The important thing about that though is that a straight line at a constant speed between a start and a stop point define a line segment. And a line segment is very easy to sanity check against the walk-mesh or whatever other structures you are using to determine movement blocking.

In BHO I don’t have to worry about it because each board is a sepreate 4 person game (think Bomberman.)

However you can certainly see a typical MUD room as a “Zone” (thats really where they came from. MUD room + geometry == Zone.) Each Zone can tick itself separately as long as you don’t have Zone interactions. In point of fact, as an optimization a Zone doesn’t have to tick at all if nothing active is in it.

Typically your MMOs that use Zones break them up with zone-transfers. This is also when they load the zone specific data on the client.

Now to take the Zone idea a step farther…

All you may need is to break things up by Zones, but its possible depending on zone size and density you mayneed sub-zones.

This starts to get tricky,

Observation: Until combat occurs exact inter-character timing is not important.

Ergo: You can let your characters free run around the map. You can have a monster tick to do monster AI if you wish that is zone based, monster type based, or any other organizational unit you’ld like.

When combat occurs you can create a “combat clock” that is only stepping through those characters involved in that combat. This allows many different combats in the same zone to be going on simultaneously and across multiple threads. The trickiness is how you merge combats. If a member of one combat attacks or is attacked by a member of another combat, you’ll need to merge the set of combatants from both into one combat clock.

Note that combat clock combatant sets can be purely based on who attacks who, can be based on party, or based on an area around the combat depending on your specific game design.

I agree. Most of the Diku and derived muds used a Zone to define a collection of rooms, which could usually be brought up and down independently of each other. You are either in Zone A or Zone B and you can’t interact across the border. I don’t think I have ever played an MMO that I would consider truly zoneless.

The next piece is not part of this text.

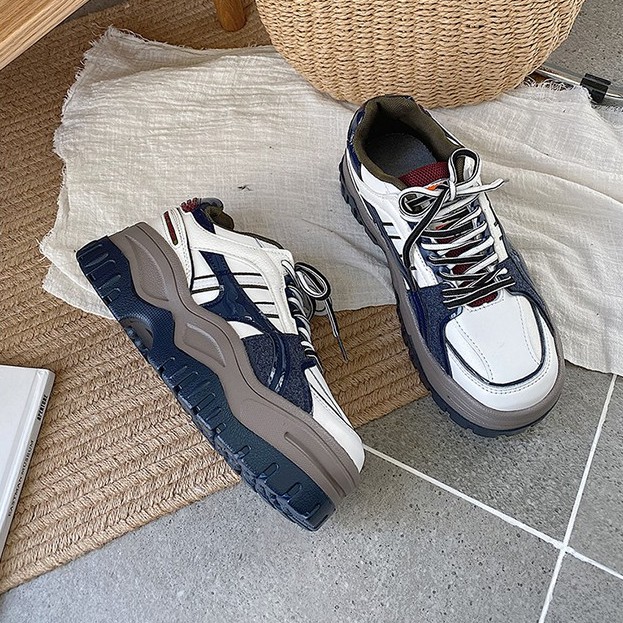 Giày sneaker ulzzang đế cao cá tính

There are surely a lot of advantages to zoning, and I think a lot of the reasons might be related to content, and managing the amount of textures and models one can have going at one time.

It seems like the sub-zone idea is critical for really allowing processing to be distributed evenly, and maybe the zone itself is important for things like keeping the terrain from becoming super-huge. Without sub-zones you either have situations like a “zone rush” like people would do back in EQ where they would bring down a city zone by invading, or you have to place artificial caps on the number of players because of the fixed amount of processing available. I guess the nasty part is when players find that one spot where they can move back and forth between sub-zones and exploit various issues on the boundaries.

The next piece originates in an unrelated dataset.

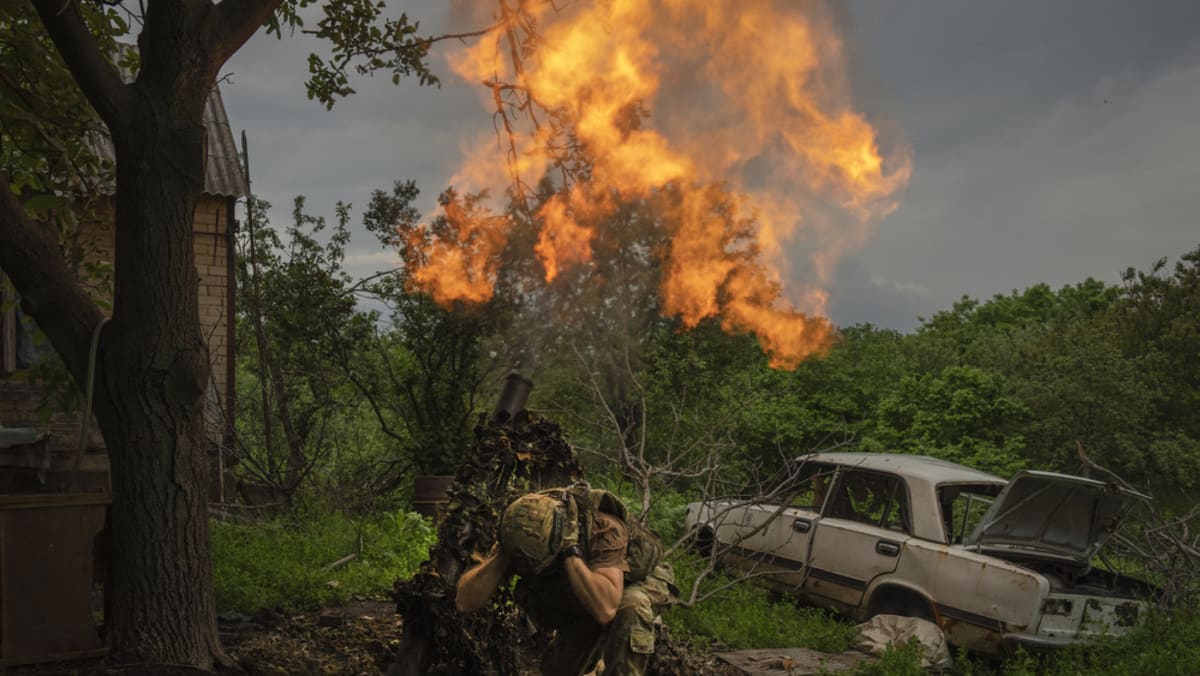 2 dead, 8 wounded in Russian attack in Donetsk region: Governor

OTOH, it is my understanding that going completely zoneless makes it harder to provide a lot of variety in things like available terrains and models. I suppose to some extent you can handle this by loading and unloading things as needed. Second Life seems to spend like 50% of the time loading and unloading textures and such while you are walking around, and even they appear to have hard zones at points, because occasionally when you port far enough you experience “Loading”.

Do you know how SL handles physics? I am curious how much of that happens server side.

'fraid i don’t know a great deal about second life beyond how they organized their servers.

Some other folks around here might.

But is there actually any physics in second life? Ive only played with it a little but from what I could see there were effectively two modes of motion-- ground rooted walking and free camera type flying. neither of which requires any real physics simulation.